If you want to change the look of a car with the minimum of fuss, vinyl car wrap is the way to go. Once the car is covered in new skin, that’s not the end of the story: there are some basic pieces of car wrap maintenance that will keep it looking good for longer.
Over the few years, vinyl car wrapping has moved on from being a niche product into something that is common practice. Whether or not you view vinyl wrap as a feasible alternative to permanent paintwork it is certainly a quick and cost-effective way to emblazon a vehicle with marketing material or change the look of tired paintwork.
There is not a great deal of difference between caring for a car with traditional paint and one that has been wrapped in vinyl. The first few days after your car is wrapped are critical, so your newly wrapped vehicle will need a little extra care and attention for its first few washes until you get used to caring for its new covering.
The first thing to remember is that vinyl wrap is softer than paintwork, so take care of it!

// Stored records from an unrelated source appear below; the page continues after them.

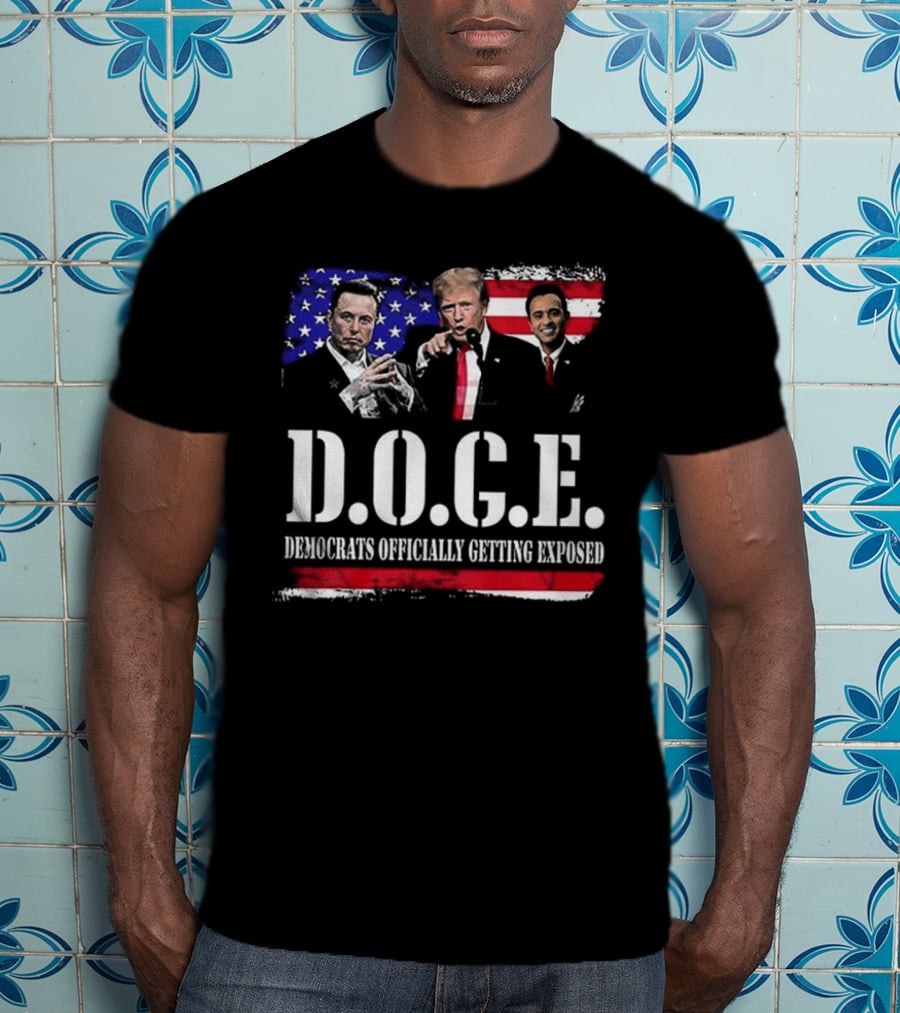 Patriot Pride Mens D.O.G.E Team Democrats Officially Getting Exposed USA Flag Icons T-Shirt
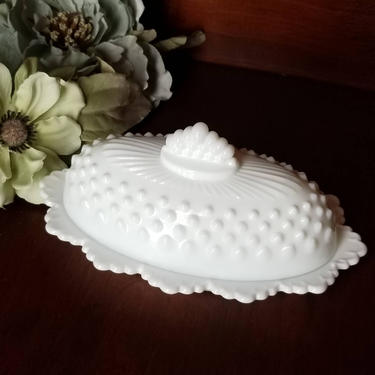 Vintage Milk Glass Hobnail Butter Dish / White Milkglass Covered Butter Plate / Oval Scalloped Edge Glass Butter Dish with Lid by SoughtClothier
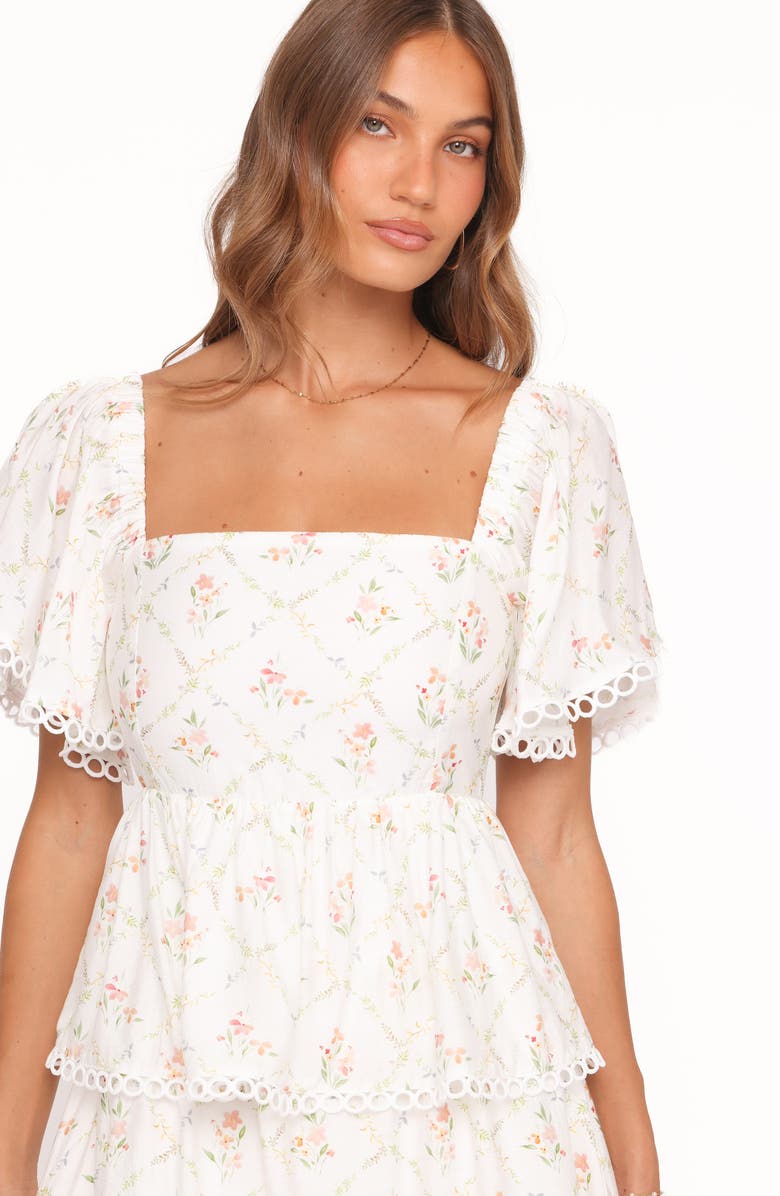 Petal & Pup Chapel Maxi Dress, Alternate, color, White Vintage Floral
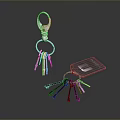 Keychain With Skeleton Keys And Mobile Phone On Reflective Dark Surface 3d model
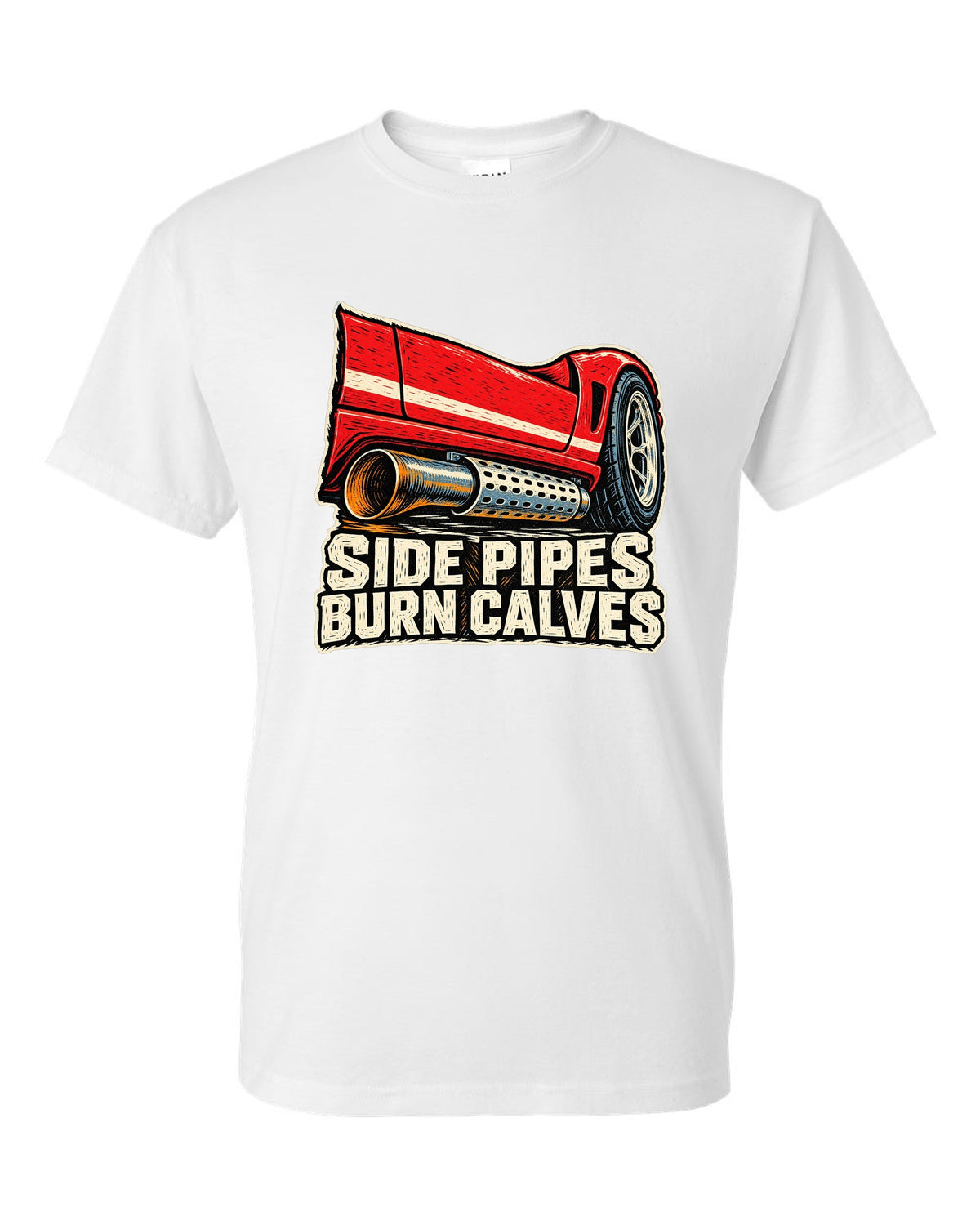 Dodge Viper RT/10 Side Pipe Linocut white t-shirt front view with the design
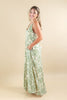 Green Goddess Floral Damask Print Open Back Maxi Dress
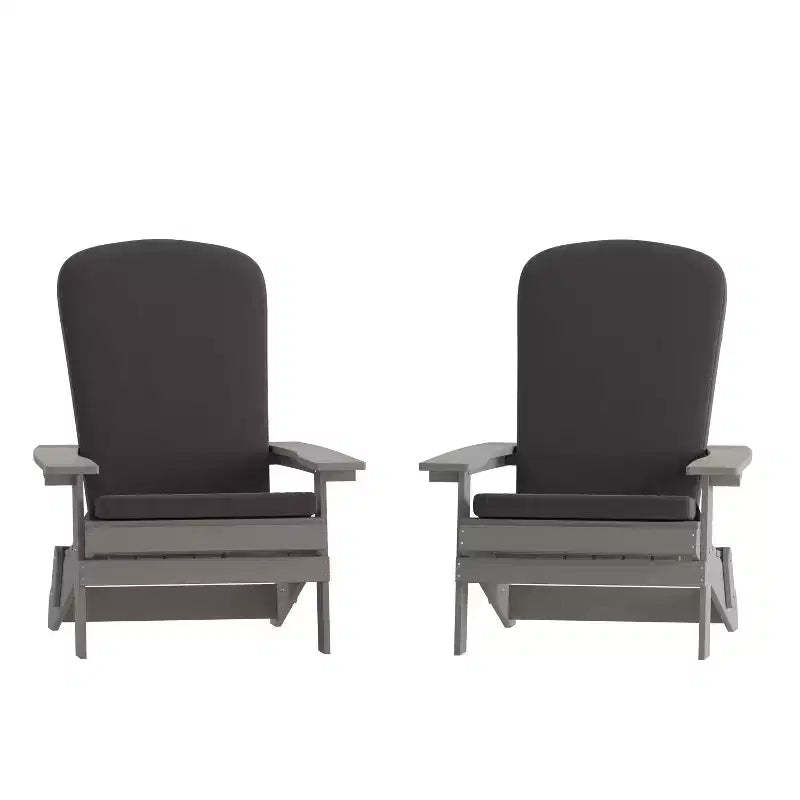 Emma and Oliver Set of Two All-Weather Poly Resin Folding Adirondack Chairs for Indoor/Outdoor Use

Use vinyl wrap cleaning products suitable for use on car bodywork, and avoid anything abrasive. Going over the vehicle with a jet wash is a good starting point – just make sure it is not set to the highest pressure. Go over the entire vehicle to remove the worst of the soiling it has picked up. If there is stubborn, ingrained dirt then go over it several times in a circular motion with a soft sponge instead of scraping at it with something more solid.
Next, use a gentle pH neutral shampoo in warm water to cover the entire vehicle in suds. A microfibre washing mitt will make this process simple, or you can use a sponge. Just keep your eyes open for any pieces of grit, as if they are rubbed against the vinyl it can cause irreparable damage. Working from the roof down, carefully work on every panel in a methodical way. Once it is fully cleaned, use the jet wash to clear away any residue. A lower pressure is your friend here, as it leaves less water to dry off. Finally, go over the entire vehicle with a dedicated drying towel to remove any traces of water and reduce the risk of watermarks appearing on the finish. The way you go about this is up to you – some prefer to pat dry, others to drag and rub a folded towel over the bodywork.
There are many vinyl wrap care products on the market: here is what you should be looking out for.
You don’t need to apply wax to vinyl, but if you do so (for example if you have a partially-wrapped car) then check that the products you use do not contain petroleum distillates or solvents to avoid melting the plastic.
The use of clay should be avoided as it can cause scuffing which cannot be repaired without replacing the whole vinyl wrap. If contamination cannot be removed by your normal cleaning regime then a fine grade clay cloth may help, but add a generous amount of lubrication and increase the dilution car shampoo to reduce the risk.